EMV is a pretty big deal, so why was this audience lost to their own devices? From my perspective, the message has simply been lost. Stepping away from yesterday’s panel, the EMV discussion has largely been dominated by technical implementation details which, while important, are overshadowing the big picture. Don’t get me wrong, these details are extremely important, but why would a typical merchant care?
Ultimately, merchants don’t and won’t care about these details as, quite simply, they are going to be somebody else’s problem.
So let’s get the discussion back to what Merchants should be caring about in regards to EMV. To that end, let’s start with “Why?”
While there are potentially lots of reasons, I will point out the three most direct:
- Decrease corporate exposure to card data breach risk
- Eliminate duplicate card fraud chargebacks
- Provide for better customer service
Clearly merchant sectors and even individual merchants will assign different weights to these reasons and as a result will ultimately formulate their adoption plans. Those adoption plans can and should be relatively simple as the complexity will ultimately be shouldered by their vendors.
That said, instead of being dragged down into the minutia of the technical implementation, let’s focus on practical advice that merchants can use right now.
That said, here is my abbreviated version of EMV for Merchants:
- EMV is coming to the US. Yes, it really is.
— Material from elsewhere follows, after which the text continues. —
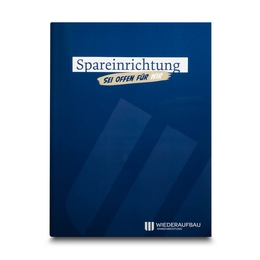 Mappe Spareinrichtungen - Lindner ist Ihr Hersteller für Angebotsmappe, Schulungsmappen und Sammelmappen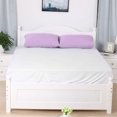 thumbnail image 3 of PiccoCasa Soft Microfiber 4-Piece Bed Sheet Set, Fade Resistant- King - White, 3 of 8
The infrastructure and incentives are finally in place for the issuers. Big box retail will lead (e.g. Wal Mart) as the liability shift is a real and meaningful number to them.
- EMV doesn’t eliminate the need for PCI Compliance. A couple reasons for this: 1) EMV transactions present PAN and expiration date in the clear which could, in theory, be used for online purchases, and 2) the magstripe-to-EMV migration is going to be long and therefore there will be an extended amount of time where full track data will be present in merchant’s systems.
- Acquirers will be first to adopt, per the mandates, while POS system providers will ultimately be pulled along by the merchants. For some verticals, this will mean availability of solutions in the middle to end of 2013. For others, availability may not occur until 2014.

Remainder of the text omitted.